The Food Quality Protection Act of 1996 (FQPA) requires that in the case of threshold effects "an additional tenfold margin of safety for the pesticide chemical residue and other sources of exposure be applied to infants and children to take into account potential pre- and post-natal toxicity and completeness of the data with respect to exposure and toxicity to infants and children......the Administrator may use a different margin of safety for the pesticide chemical residue only if, on the basis of reliable data, such margin will be safe for infants and children". The FQPA Safety Factor Committee will make FQPA safety factor recommendations on all food-use chemical risk assessments generated by OPP following the guidance in the policy paper, The Office of Pesticide Programs' Policy on Determination of the Appropriate FQPA Safety Factor(s) for Use in the Tolerance-Setting Process (149 KB, PDF).

II. SCOPE

In determining whether an additional FQPA safety factor is needed, the Health Effects Division (HED) Safety Factor Committee (FQPA SFC) will consider: 1) the contribution of hazard and dose response evaluations; 2) the contribution of exposure assessment(s); 3) the characterization of the hazard (toxicology data base) and exposure (dietary food, dietary drinking water, and residential) data bases; and 4) the degree of concern regarding the potential for pre- and postnatal effects.
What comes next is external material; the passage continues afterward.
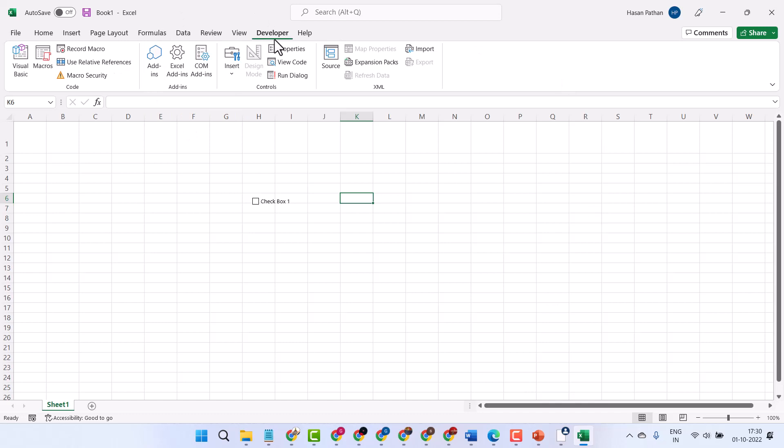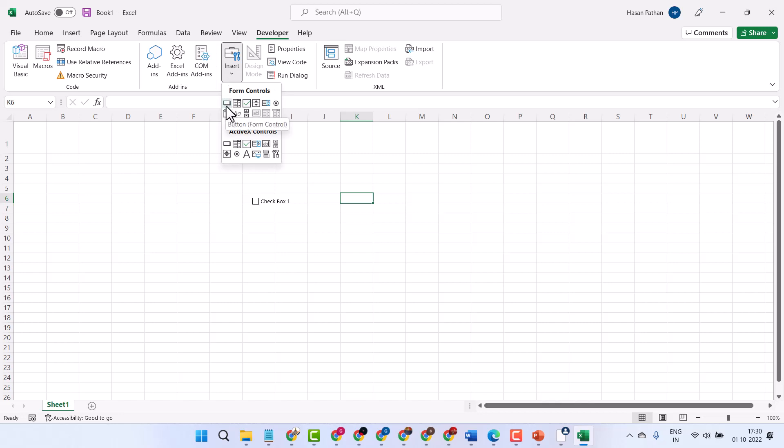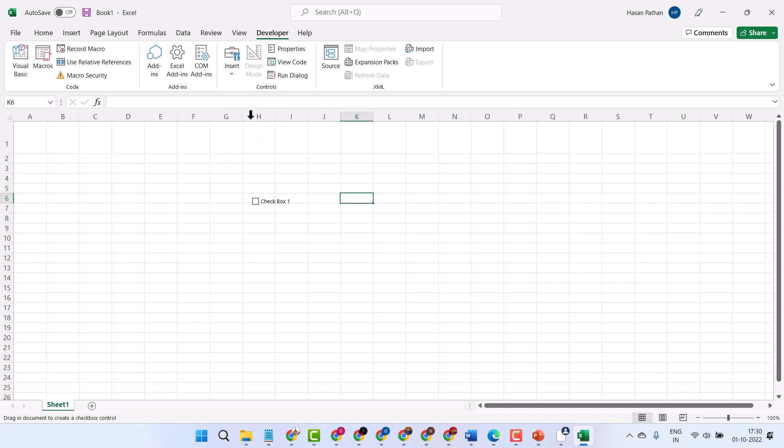Now in the Developer tab, click on Insert. There are some more options like button, combo box, and here is the checkbox. Select it, now drag and drop.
Each pesticide will be considered on a case-by-case basis and the safety factor recommendation will be made using a weight-of-evidence approach in the course of the risk assessment process as the risk characterization is being developed and the hazard and exposure assessments are being completed.

III. PROCEDURES
(For special procedures for Section 18 Emergency Exemptions, see Section VIII below.)

In order to assess the completeness of the data used in risk assessments and any potential effects on infants and children, the Committee will have at its disposal the report of the HED Hazard Identification Assessment Review Committee (HIARC) and written responses to sets of standard questions regarding the hazard and exposure information (dietary food, dietary drinking water and residential exposure considerations) prepared by the reviewers.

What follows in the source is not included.